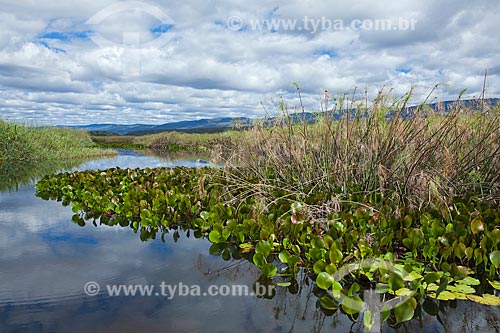  Subject: Landscape in the flooded Marimbu - Known as the Chapada Diamantina pantanal / Place: Bahia state (BA) - Brazil / Date: 07/2011 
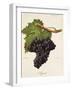 Argant Grape-J. Troncy-Framed Giclee Print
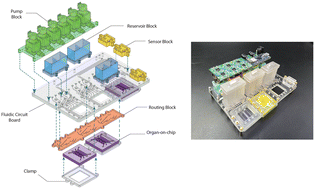 Graphical abstract: STARTER: a stand-alone reconfigurable and translational organ-on-chip platform based on modularity and open design principles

» **What is expected**: The whole listing should be restated word for word, with no pictures.

» **Exercise answer**:
  Subject: Landscape in the flooded Marimbu - Known as the Chapada Diamantina pantanal / Place: Bahia state (BA) - Brazil / Date: 07/2011 
 Argant Grape-J. Troncy-Framed Giclee Print
 Graphical abstract: STARTER: a stand-alone reconfigurable and translational organ-on-chip platform based on modularity and open design principles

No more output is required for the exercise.